We thank the reviewer for this comment. We agree that it is very important to be explicit about the parameterizations employed. In the original draft, we have elaborated on the difference between parameterizations in Appendix B. Because this is an important aspect of our work, we have updated the main body with a clearer explanation of the network structure, and a more explicit reference to Appendix B, and we have also added a detailed description of the $\mu$ P parameterization we have used throughout the manuscript in Appendix A.1.

审稿意见

评分: 5置信度: 52024-11-03

This paper systematically studies the effect of $\gamma$ , which is the scale of the output layer of the neural networks, on the optimization and generalization dynamics of neural networks through experiments. They recovered a couple of phenomena that have been analyzed in the literature, including lazying training, catapult effect, silent alignment, etc. They also observed that the generalization performance is similar when $gamma$ is greater than $1$ if the network is trained sufficiently long. Furthermore, they use a simple deep linear neural network with a single univariate data to explain the optimal learning rate scaling.

优点

This paper is well-written and the logic is easy to follow. The experiments are nicely done and the theoretical results are well presented.
There are some interesting empirical observations. For example, they observe that in the feature learning regime i.e., $\gamma \geq 1$ , the generalization performance will end up being similar with different $\gamma$ , if the learning rate is appropriately chosen. I also find the connection between silent alignment and edge os stability quite interesting and worth further investigation.

缺点

One concern is the significance of this paper. Feature learning is an interesting topic, but I believe that this kind of parameterization is not commonly used in practice, i.e., large $\gamma$ with the model being centered. Furthermore, the learning rate used in this paper is constant hence is far from practice. Therefore, I am not sure if the insights observed in this paper can shed light on practical network training.
This paper may provide valuable insights for theoretical analysis. However, many of the phenomena discussed, such as lazy training, the catapult phase, and silent alignment, have already been extensively studied. Although the ultra-rich regime is analyzed in depth, it does not appear particularly interesting, as the generalization performance turns out to be similar to that of $\gamma=1$ . All in all, the paper presents a nice summary of the network training dynamics, but I do not find anything particularly new or significant.

问题

I am curious how do you conclude that the optimal learning rate is $\gamma^{2/L}$ for $L$ -th layer neural network? I understand that for the deep linear network with a single univariate sample the optimal one is that value, but I am surprised that for deep nonlinear networks it still holds, and the power is quite specific. Does the generalization performance have a big gap when the learning rate is $3/L$ or $2/(L+1)$ ?
In practice, the learning rate decay is useful to improve the generalization performance, and it may avoid optimization from divergence. Do you think the optimal learning rate will be different if you include learning rate decay?

评论- Response - part 1

2024-11-21

We thank the reviewer for their kind words on our work.
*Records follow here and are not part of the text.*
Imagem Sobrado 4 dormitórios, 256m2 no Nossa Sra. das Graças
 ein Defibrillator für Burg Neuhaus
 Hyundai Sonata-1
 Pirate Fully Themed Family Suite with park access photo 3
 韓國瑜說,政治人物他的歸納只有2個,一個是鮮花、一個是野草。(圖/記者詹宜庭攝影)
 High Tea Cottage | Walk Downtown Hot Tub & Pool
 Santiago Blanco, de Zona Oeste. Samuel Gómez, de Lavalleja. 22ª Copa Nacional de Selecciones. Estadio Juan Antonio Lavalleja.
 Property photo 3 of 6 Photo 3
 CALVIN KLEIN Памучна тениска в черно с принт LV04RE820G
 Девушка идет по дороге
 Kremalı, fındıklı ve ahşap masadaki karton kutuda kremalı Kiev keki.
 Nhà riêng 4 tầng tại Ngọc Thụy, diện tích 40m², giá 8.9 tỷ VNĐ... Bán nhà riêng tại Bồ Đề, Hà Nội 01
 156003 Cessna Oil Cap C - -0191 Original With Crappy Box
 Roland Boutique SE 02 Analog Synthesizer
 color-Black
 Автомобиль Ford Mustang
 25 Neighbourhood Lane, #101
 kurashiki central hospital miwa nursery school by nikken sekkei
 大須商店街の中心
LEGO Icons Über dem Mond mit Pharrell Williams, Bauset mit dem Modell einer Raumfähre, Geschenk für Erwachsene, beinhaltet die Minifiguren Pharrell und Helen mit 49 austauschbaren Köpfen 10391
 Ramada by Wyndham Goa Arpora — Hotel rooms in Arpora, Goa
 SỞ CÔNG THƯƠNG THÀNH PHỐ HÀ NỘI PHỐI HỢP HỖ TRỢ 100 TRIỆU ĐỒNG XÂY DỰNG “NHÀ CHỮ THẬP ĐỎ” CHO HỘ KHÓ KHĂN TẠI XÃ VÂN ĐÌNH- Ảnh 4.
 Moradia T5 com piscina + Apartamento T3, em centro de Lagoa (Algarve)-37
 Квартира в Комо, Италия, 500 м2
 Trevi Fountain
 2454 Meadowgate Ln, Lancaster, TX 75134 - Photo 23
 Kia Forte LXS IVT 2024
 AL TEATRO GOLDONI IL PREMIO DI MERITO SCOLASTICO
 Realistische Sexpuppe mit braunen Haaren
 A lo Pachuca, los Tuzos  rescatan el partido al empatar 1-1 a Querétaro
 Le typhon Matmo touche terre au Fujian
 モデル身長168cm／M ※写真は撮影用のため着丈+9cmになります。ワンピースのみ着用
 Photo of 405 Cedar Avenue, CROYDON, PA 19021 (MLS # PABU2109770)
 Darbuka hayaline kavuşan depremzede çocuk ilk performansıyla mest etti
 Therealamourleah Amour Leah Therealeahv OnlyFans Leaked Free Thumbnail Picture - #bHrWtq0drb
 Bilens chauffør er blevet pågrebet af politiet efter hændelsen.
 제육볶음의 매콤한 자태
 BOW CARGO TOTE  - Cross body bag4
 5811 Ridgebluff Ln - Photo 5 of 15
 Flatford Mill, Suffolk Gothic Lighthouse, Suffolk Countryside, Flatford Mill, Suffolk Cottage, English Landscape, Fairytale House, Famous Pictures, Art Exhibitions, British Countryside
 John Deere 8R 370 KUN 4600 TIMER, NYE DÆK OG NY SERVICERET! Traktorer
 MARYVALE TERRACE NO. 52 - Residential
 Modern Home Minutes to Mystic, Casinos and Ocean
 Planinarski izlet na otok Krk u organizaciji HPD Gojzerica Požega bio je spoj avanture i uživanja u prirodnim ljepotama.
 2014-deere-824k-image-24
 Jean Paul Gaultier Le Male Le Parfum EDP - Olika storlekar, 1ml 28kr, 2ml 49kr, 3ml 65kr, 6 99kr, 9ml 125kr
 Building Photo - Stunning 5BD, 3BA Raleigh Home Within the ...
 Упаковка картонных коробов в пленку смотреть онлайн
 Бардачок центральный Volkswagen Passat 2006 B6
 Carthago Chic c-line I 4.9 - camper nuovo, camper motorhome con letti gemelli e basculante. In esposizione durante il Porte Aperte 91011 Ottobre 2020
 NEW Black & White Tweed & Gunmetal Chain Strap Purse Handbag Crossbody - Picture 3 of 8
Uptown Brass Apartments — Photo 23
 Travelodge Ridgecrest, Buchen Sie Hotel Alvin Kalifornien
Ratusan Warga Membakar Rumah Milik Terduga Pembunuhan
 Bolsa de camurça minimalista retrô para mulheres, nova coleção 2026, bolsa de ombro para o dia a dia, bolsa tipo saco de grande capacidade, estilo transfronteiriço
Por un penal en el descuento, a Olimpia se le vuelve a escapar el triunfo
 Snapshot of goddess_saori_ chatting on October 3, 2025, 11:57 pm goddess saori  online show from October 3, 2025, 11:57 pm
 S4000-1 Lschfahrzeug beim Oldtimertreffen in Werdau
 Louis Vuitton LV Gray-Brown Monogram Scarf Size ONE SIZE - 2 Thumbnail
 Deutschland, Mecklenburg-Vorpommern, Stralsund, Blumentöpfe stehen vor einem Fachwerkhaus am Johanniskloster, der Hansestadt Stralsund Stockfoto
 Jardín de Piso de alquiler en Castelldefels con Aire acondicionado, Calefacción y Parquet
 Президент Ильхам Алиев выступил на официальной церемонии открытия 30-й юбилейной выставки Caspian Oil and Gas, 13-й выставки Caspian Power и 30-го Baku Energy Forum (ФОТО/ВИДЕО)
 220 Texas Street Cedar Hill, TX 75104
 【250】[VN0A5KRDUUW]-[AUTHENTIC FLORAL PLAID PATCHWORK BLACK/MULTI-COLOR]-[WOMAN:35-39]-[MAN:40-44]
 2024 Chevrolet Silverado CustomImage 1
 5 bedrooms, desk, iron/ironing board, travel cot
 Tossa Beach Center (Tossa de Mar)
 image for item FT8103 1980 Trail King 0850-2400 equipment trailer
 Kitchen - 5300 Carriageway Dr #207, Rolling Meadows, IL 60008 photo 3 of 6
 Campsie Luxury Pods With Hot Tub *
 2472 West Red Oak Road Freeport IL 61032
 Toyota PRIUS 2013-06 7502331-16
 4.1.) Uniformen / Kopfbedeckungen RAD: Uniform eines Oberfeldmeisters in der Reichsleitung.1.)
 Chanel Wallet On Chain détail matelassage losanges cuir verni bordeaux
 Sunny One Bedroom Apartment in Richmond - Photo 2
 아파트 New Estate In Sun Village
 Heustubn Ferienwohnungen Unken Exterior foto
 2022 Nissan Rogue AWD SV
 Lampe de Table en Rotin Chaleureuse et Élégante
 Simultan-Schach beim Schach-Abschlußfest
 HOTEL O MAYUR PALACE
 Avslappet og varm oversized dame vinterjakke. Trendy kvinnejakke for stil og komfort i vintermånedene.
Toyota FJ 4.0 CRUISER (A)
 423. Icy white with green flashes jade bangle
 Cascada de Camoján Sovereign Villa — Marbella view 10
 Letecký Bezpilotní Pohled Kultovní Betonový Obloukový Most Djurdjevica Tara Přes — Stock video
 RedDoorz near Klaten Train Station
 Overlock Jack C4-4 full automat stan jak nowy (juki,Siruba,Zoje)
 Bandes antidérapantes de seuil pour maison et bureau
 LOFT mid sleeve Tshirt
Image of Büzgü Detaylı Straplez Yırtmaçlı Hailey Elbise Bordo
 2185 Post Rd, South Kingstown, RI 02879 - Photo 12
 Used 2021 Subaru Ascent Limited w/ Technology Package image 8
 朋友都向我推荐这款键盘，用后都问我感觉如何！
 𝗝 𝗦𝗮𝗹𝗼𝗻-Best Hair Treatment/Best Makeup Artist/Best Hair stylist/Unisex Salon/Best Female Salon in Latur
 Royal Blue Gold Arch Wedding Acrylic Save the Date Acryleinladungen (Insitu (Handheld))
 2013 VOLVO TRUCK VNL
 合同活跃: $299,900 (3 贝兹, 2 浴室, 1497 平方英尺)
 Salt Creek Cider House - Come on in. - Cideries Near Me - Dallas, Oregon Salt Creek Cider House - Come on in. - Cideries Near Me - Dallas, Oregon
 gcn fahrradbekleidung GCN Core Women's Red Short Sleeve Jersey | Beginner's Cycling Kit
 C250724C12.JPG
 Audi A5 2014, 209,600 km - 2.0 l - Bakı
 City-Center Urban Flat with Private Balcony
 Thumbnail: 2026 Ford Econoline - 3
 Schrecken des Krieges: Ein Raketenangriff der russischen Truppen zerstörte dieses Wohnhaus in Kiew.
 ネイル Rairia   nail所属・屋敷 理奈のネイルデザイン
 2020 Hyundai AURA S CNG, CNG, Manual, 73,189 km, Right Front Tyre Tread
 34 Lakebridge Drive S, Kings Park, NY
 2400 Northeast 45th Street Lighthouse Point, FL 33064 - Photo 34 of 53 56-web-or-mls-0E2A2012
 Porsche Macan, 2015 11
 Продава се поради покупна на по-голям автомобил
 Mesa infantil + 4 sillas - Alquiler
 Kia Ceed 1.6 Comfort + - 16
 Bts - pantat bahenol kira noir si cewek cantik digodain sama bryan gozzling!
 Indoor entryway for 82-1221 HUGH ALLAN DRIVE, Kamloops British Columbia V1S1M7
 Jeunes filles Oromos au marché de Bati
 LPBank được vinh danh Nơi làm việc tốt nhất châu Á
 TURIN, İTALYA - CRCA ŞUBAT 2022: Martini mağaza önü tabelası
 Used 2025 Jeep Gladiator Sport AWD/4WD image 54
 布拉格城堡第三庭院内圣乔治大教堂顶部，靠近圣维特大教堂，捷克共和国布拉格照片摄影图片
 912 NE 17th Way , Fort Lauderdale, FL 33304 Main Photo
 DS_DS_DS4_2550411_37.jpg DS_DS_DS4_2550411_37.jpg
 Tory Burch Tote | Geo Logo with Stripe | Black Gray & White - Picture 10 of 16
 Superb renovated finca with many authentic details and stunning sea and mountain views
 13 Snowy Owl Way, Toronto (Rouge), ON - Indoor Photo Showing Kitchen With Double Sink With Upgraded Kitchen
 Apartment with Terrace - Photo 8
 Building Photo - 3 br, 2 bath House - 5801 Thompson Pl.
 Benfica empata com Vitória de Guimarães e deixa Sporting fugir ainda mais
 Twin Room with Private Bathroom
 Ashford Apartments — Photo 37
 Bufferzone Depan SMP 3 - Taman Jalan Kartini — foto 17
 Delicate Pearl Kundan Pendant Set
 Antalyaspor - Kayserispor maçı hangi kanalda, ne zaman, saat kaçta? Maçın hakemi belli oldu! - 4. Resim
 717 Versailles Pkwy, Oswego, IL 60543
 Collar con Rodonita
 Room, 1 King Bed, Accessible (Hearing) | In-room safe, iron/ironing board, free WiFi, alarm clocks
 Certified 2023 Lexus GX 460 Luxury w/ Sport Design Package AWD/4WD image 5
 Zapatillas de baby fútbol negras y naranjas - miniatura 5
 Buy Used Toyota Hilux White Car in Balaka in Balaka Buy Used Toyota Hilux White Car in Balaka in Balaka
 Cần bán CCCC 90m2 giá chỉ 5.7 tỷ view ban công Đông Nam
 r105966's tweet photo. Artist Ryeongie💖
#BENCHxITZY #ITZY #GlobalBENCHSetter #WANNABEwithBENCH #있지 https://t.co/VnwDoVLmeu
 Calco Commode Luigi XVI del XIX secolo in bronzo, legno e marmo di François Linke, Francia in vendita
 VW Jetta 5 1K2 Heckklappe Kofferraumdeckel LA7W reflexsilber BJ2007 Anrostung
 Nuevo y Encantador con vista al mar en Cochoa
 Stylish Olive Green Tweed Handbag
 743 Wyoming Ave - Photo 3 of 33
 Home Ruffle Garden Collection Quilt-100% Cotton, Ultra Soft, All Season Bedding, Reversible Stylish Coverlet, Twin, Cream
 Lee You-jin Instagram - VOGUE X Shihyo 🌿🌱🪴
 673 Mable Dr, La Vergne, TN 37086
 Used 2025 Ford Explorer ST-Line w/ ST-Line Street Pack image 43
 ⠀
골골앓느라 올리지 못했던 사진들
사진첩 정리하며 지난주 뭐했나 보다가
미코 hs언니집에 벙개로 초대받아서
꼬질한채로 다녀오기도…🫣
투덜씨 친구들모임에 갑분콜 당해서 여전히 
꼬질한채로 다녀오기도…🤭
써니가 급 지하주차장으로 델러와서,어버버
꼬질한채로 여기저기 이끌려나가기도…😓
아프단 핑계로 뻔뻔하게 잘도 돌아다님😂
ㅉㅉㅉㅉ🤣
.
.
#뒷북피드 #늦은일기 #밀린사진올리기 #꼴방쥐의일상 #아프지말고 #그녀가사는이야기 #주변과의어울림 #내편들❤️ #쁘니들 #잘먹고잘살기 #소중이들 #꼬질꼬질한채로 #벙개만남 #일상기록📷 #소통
We understand the concerns of the reviewer regarding the significance of our paper and we address them pointwise:

One concern is the significance of this paper. Feature learning is an interesting topic, but I believe that this kind of parameterization is not commonly used in practice, i.e., large with the model being centered. Furthermore, the learning rate used in this paper is constant hence is far from practice. Therefore, I am not sure if the insights observed in this paper can shed light on practical network training.

1a) Regarding centering, note that with neural networks parameterized under muP, centering is actually common (and even strongly recommended, see for example Appendix D.2 in [3]). This is done in finite width networks in order to remove the finite width noise and bring the neural networks closer to their infinite width limits. In practice, centering is usually achieved by zeroing out the readout layer at init. This works in the rich and ultra-rich regimes, but it doesn’t make sense in the lazy regime, as training gets concentrated in the last layer. For consistency across regimes, we thus adopted the explicit centering method of subtracting off the function value at init. This is just a methodological choice and we expect it does not affect our findings in the rich and ultra-rich regimes.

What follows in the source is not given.